Conflict-free replicated data type
In distributed computing, a conflict-free replicated data type (abbreviated CRDT) is a type of specially-designed data structure used to achieve strong eventual consistency (SEC) and monotonicity (absence of rollbacks)[1] . As their name indicates, a CRDT instance is distributed into several replicas; each replica can be mutated promptly and concurrently; the potential divergence between replicas is however guaranteed to be eventually reconciled through downstream synchronisation (off the critical path);[1] consequently CRDTs are known to be highly available.
There are two alternative routes to ensure SEC: operation-based CRDTs[2][3] and state-based CRDTs[4][5] . The two alternatives are equivalent, as one can emulate the other,[1] but there is a tradeoff: operation-based CRDTs require additional guarantees from the communication middleware[1] whereas state-based CRDTs have a high dissemination overhead, as the entire state must be disseminated. Delta state CRDTs[5][6] (or simply Delta CRDTs) are optimised state-based CRDTs where only recently applied mutations to a state are disseminated instead of the entire state. Pure operation-based CRDTs[3] are also an improved variant of operation-based CRDTs that reduce the meta-data size through exploiting the causality information of the middleware.
CRDTs are used to replicate data across multiple computers in a network, executing updates without the need for remote synchronization. This would lead to merge conflicts in systems using conventional eventual consistency technology, but CRDTs are designed such that conflicts are mathematically impossible.[7] Under the constraints of the CAP theorem they provide the strongest consistency guarantees for available/partition-tolerant (AP) settings. In contrast, consensus protocols such as Paxos are required for strongly-consistent/partition-tolerant (CP) settings.
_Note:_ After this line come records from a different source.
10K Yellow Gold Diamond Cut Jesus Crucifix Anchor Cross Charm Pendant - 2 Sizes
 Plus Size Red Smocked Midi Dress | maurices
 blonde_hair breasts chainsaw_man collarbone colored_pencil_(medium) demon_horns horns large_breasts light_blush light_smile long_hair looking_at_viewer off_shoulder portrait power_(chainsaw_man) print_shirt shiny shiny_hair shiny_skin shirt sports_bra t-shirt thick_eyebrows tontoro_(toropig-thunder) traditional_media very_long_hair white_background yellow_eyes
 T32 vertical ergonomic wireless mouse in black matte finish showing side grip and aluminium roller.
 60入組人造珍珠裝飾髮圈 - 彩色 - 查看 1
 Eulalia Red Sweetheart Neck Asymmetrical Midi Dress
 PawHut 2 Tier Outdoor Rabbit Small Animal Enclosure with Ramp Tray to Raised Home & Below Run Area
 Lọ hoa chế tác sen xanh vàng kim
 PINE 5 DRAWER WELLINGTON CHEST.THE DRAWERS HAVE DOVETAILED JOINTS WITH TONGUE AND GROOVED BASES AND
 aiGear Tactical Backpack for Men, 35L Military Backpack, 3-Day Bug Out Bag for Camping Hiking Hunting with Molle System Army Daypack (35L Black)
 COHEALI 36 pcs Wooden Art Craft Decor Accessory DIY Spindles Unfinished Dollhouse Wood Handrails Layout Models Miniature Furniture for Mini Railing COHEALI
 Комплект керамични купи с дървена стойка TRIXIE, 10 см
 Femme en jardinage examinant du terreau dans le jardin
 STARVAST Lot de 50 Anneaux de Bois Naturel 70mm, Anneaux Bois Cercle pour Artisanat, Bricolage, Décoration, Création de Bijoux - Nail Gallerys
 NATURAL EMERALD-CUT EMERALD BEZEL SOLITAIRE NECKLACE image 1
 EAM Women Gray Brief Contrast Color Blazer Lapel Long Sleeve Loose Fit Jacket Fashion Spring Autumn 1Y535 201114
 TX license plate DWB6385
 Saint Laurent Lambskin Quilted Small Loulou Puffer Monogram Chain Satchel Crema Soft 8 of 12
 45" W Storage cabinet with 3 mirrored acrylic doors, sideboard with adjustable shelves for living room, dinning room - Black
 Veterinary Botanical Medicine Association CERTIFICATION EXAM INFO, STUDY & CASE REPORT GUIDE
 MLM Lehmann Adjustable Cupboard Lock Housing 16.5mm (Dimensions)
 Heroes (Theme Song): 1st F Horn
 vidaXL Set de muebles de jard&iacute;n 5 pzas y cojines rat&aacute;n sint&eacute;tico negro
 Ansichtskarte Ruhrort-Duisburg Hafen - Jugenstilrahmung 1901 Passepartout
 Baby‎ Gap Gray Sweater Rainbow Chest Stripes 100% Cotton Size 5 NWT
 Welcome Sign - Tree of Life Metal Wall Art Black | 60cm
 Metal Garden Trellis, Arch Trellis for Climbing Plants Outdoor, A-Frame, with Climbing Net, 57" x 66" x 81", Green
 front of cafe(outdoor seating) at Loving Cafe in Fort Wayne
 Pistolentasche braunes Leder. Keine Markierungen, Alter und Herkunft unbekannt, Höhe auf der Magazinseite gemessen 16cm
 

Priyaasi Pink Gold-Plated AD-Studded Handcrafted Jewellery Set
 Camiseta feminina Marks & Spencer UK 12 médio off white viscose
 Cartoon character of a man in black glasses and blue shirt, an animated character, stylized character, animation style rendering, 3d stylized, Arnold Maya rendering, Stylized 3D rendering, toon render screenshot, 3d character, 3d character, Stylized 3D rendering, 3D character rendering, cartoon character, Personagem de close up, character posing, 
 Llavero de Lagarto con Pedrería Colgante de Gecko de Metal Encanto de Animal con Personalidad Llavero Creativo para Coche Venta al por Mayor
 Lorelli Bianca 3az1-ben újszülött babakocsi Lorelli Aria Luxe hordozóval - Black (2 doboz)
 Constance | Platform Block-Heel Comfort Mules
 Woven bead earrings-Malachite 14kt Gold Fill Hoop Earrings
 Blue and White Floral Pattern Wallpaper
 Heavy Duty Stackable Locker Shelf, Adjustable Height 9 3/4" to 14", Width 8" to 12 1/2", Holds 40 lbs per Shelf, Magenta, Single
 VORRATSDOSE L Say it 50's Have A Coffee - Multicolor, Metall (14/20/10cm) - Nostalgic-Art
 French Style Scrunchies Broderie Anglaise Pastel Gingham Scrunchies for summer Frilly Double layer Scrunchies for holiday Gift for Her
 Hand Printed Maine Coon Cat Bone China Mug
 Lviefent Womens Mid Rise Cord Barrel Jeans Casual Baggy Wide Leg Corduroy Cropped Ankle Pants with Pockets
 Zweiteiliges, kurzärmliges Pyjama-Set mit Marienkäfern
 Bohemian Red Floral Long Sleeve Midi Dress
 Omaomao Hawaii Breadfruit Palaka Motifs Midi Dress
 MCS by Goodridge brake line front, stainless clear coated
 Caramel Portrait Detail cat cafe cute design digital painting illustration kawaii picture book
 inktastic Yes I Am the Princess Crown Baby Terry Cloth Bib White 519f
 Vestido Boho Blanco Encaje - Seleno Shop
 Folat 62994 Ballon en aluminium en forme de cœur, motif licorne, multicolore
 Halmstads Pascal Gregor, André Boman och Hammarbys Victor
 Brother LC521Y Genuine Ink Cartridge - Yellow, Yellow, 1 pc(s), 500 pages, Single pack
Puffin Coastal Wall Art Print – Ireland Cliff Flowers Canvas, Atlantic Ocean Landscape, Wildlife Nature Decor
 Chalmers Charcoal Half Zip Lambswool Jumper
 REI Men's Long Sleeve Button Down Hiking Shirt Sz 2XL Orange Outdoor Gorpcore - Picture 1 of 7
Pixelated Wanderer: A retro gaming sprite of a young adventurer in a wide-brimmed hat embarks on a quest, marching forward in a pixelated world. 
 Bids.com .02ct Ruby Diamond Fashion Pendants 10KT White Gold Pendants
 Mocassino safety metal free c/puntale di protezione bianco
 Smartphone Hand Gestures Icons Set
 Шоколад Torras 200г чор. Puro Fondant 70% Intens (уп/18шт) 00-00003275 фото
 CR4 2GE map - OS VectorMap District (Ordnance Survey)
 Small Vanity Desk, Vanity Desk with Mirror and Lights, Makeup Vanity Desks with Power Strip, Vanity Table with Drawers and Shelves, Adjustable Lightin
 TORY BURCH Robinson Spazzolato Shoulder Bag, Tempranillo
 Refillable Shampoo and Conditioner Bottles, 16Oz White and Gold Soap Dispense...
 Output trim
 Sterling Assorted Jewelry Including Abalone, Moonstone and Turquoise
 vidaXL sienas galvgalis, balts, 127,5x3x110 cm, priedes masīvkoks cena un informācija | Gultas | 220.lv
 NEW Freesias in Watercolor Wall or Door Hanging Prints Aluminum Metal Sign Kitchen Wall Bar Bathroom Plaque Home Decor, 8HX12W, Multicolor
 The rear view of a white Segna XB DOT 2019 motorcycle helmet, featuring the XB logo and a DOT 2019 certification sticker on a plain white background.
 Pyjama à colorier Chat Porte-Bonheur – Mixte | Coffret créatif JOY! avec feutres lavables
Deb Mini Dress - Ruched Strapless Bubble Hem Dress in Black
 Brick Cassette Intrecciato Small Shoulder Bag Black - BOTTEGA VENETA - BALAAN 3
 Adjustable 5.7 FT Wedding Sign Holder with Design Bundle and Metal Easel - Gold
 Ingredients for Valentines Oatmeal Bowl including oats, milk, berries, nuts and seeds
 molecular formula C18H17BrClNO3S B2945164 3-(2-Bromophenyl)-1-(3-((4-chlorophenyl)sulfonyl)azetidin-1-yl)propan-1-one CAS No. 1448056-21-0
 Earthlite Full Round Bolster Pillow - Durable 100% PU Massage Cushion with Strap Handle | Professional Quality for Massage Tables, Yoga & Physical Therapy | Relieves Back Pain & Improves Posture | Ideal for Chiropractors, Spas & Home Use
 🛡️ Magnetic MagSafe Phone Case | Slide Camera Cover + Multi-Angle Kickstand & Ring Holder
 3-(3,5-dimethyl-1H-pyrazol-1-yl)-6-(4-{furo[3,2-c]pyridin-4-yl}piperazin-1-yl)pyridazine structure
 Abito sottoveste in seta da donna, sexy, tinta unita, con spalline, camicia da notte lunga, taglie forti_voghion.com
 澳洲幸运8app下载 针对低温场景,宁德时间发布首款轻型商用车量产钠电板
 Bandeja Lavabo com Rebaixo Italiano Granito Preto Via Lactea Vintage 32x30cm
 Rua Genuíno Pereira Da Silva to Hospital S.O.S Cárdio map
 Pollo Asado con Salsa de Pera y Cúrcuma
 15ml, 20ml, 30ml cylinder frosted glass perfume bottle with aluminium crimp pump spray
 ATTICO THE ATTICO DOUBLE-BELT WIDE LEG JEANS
The CRDT concept was first formally defined in 2007 by Marc Shapiro and Nuno Preguiça in terms of operation commutativity,[8] and development was initially motivated by collaborative text editing.[9][10][11] The concept of semilattice evolution of replicated states was first defined by Baquero and Moura in 1997,[4][12] and development was initially motivated by mobile computing. The two concepts were later unified in 2011.[1][7]
Overview
Eventual consistency
Informally, eventual consistency means that replicas eventually reach the same value if clients stop submitting updates. Eventually consistent systems accept local updates without remote synchronization, improving performance and scalability by sacrificing strong consistency. Without remote synchronization, replicas concurrently hold different values which are expected to converge over time. Convergence is complicated by conflicts which arise when merging values between replicas. A conflict is a combination of concurrent updates which may be individually correct, but taken together violate some system invariant. Conventional conflict-resolution schemes involve state roll-back, full consensus, or even user interaction.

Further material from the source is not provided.